Segment Start: Material shown
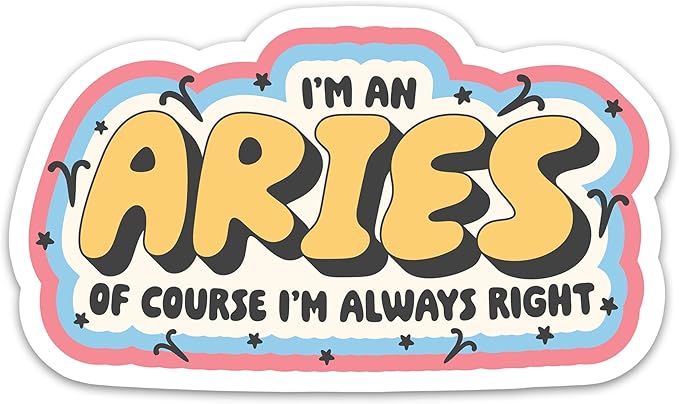 Aries Zodiac Sign Sticker I'm An Aries Of Course I'm Always Right Sticker Retro Astrology Symbols Star Constellation Waterproof Vinyl Stickers For Laptop Kindle Water Bottle Decals Gifts For Women Men - Aries Sticker for men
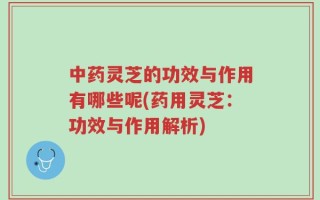 中药灵芝的功效与作用有哪些呢(药用灵芝：功效与作用解析)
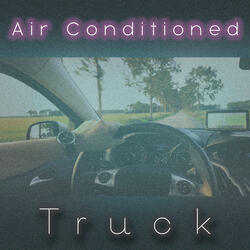 Air Conditioned Truck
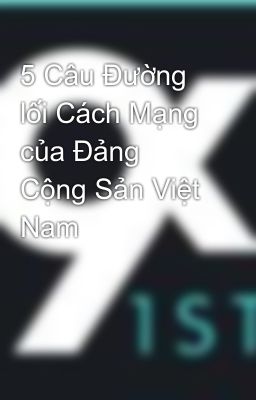 5 Câu Đường lối Cách Mạng của Đảng Cộng Sản Việt Nam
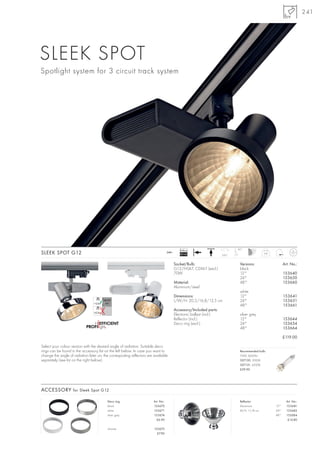 241




SLEEK SPOT
Spotlight system for 3 circuit track system




                                                                                              Ballast                          90°
SLEEK SPOT G12                                                                      240~
                                                                                              EEI=A2                    350°
                                                                                                                                                0,8



                                                                                           Socket/Bulb:                         Versions:                   Art. No.:
                                                                                           G12/HQI-T, CDM-T (excl.)             black
                                                                                           70W                                  12°                         153640
                                                                                                                                24°                         153650
                                                                                           Material:                            48°                         153660
                                                                                           Aluminium/steel
                                                                                                                                white
                                                                                           Dimensions:                          12°                         153641
                                                                                           L/W/H: 20,5/16,8/13,5 cm             24°                         153651
                                                                                                                                48°                         153661
                                                                                           Accessory/Included parts:
                                                                                           Electronic ballast (incl.)           silver grey
                                                                                           Reflector (incl.)                    12°                         153644
                                                                                           Deco ring (excl.)                    24°                         153654
                                                                                                                                48°                         153664

                                                                                                                                                            £119.00

Select your colour version with the desired angle of radiation. Suitable deco
rings can be found in the accessory list on the left below. In case you want to                                                 Recommended bulb:
change the angle of radiation later on, the correspoding reflectors are available                                               70W, 6600lm
separately (see list on the right below).                                                                                       507130, 3000K
                                                                                                                                507131, 4200K
                                                                                                                                £39.90




ACCESSORY for Sleek Spot G12

                                          Deco ring                     Art. No.:                                               Reflector                     Art. No.:
                                          black                         153670                                                  Aluminium             12°     153681
                                          white                         153671                                                  Ø/H: 11/8 cm          24°     153682
                                          silver grey                   153674                                                                        48°     153684
                                                                          £6.90                                                                                £14.80

                                          chrome                        153672
                                                                          £7.90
Segment End: Material shown
Brief:
Once you have read through the entries above, state how many lines hold the word "radiation", giving nothing but the number.

Solution to this exercise:
2